What is being asked ▸ Please give back each line of the material unchanged, but without the images.

Source data ▸
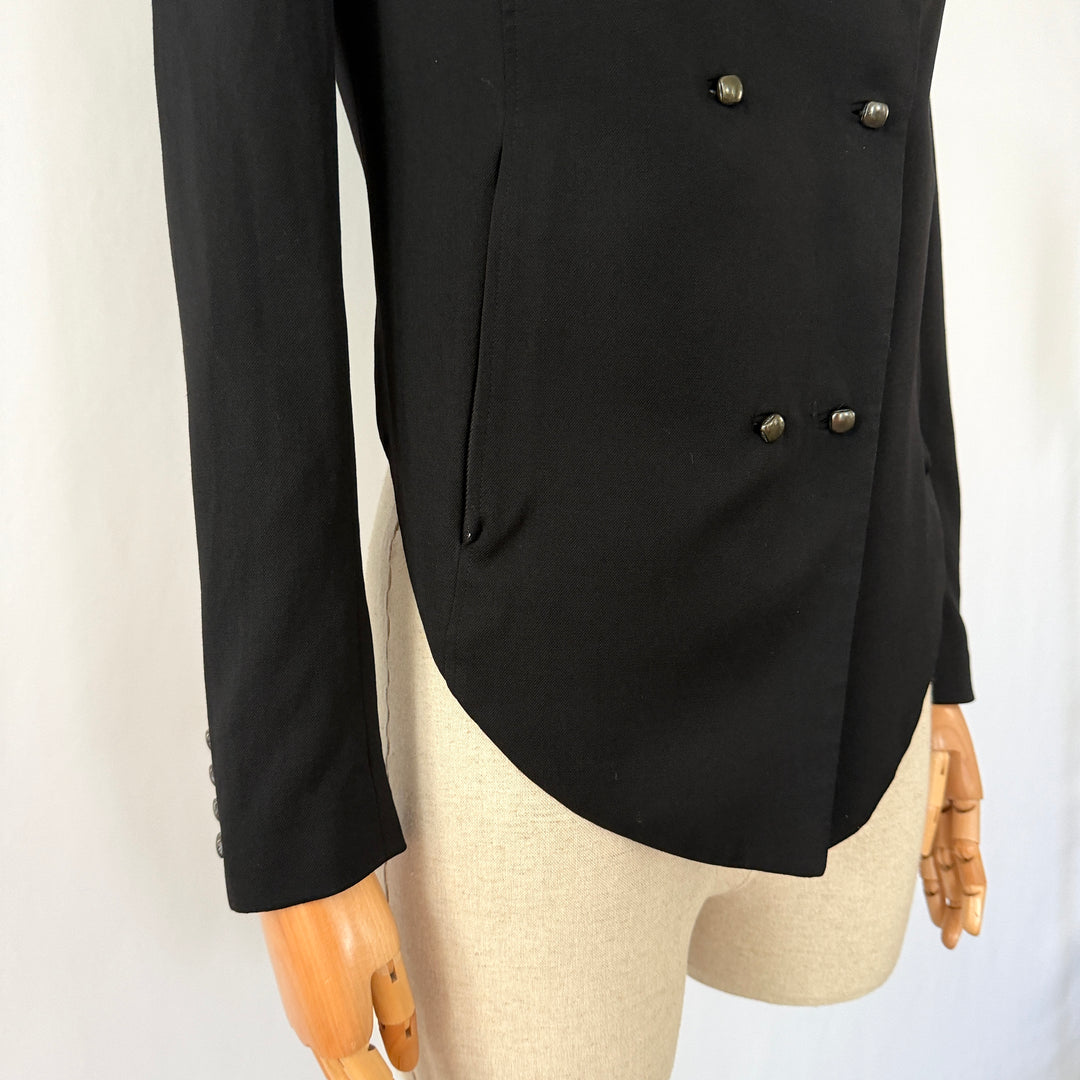 Rare HELMUT LANG archival black wool blazer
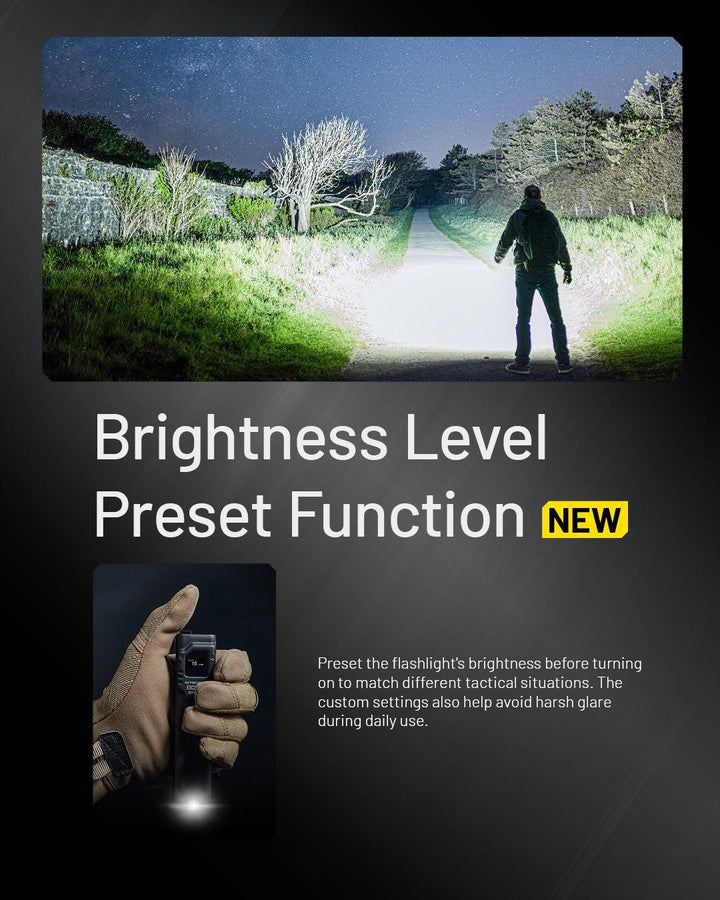 EDC27 UHi - 3100 lumens (Bundle) - Nitecore Singapore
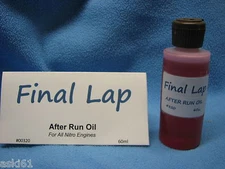FINAL LAP AFTER RUN OIL 60ml RC 10 Buggy Truggy 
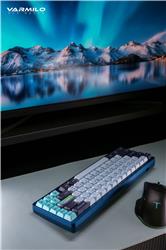 Clavier de jeu Varmilo Muse65 à interrupteurs magnétiques Gateron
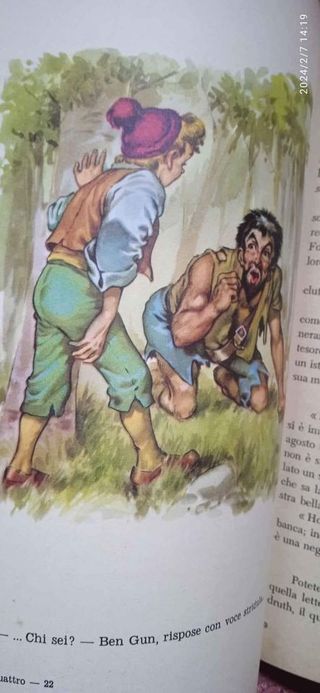 L'isola del tesoro di L. Stevenson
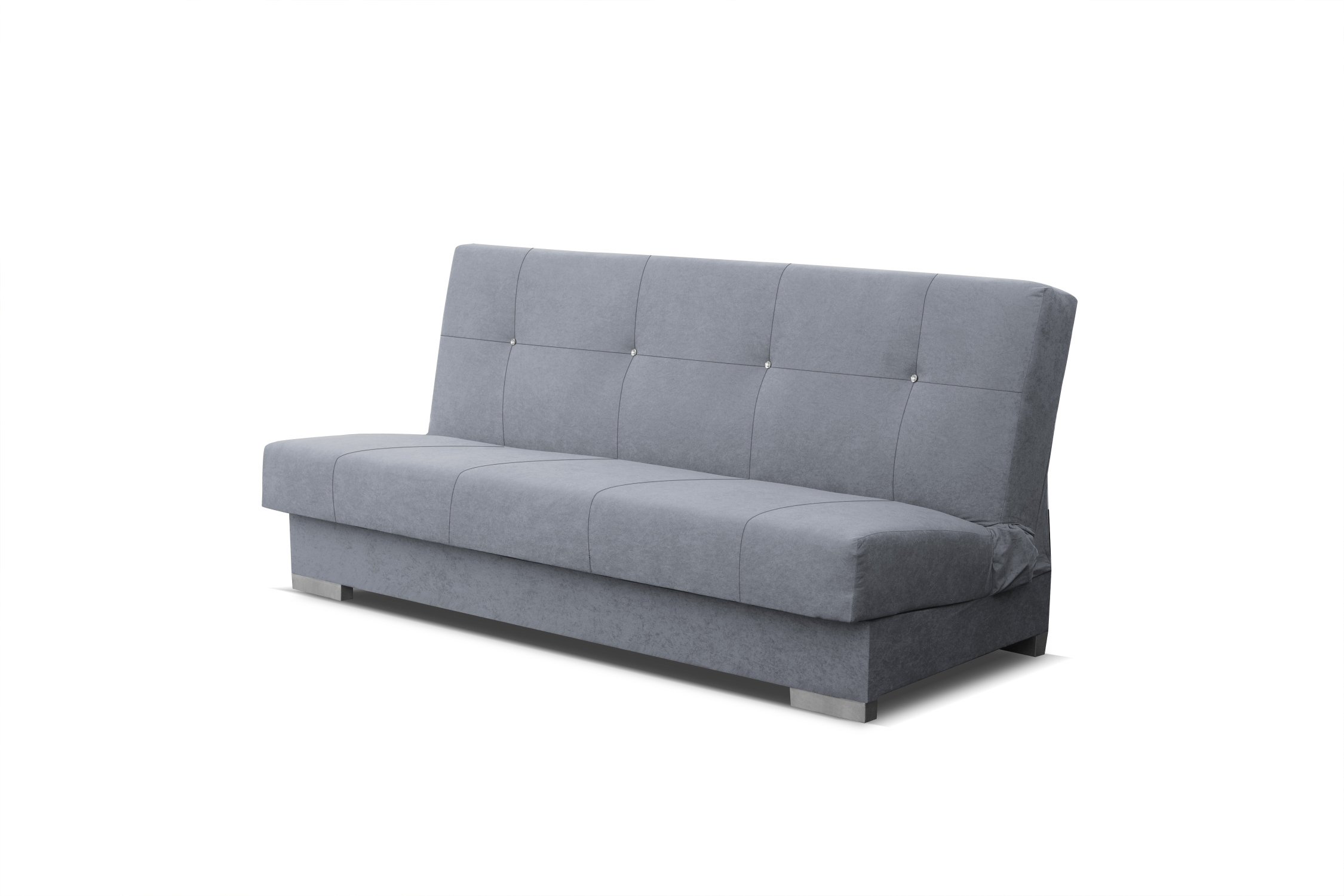 VENETI Mehrsitzer-Sofa HUANA - grau 060-02-00047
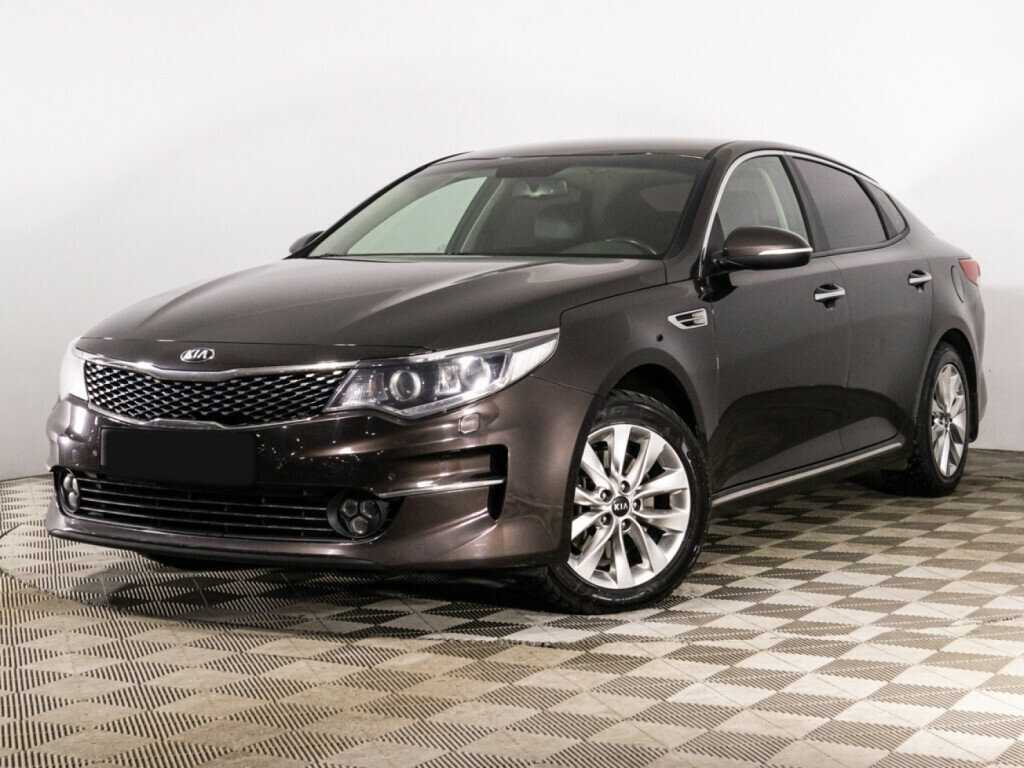 Купить Kia Optima с пробегом. Посмотреть фото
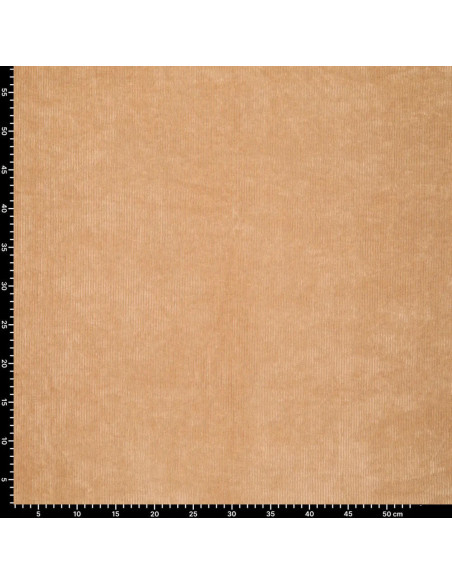 Corduroy fabric - Beige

Solution to this exercise ▸
 Rare HELMUT LANG archival black wool blazer
 EDC27 UHi - 3100 lumens (Bundle) - Nitecore Singapore
FINAL LAP AFTER RUN OIL 60ml RC 10 Buggy Truggy 
 Clavier de jeu Varmilo Muse65 à interrupteurs magnétiques Gateron
 L'isola del tesoro di L. Stevenson
 VENETI Mehrsitzer-Sofa HUANA - grau 060-02-00047
 Купить Kia Optima с пробегом. Посмотреть фото
 Corduroy fabric - Beige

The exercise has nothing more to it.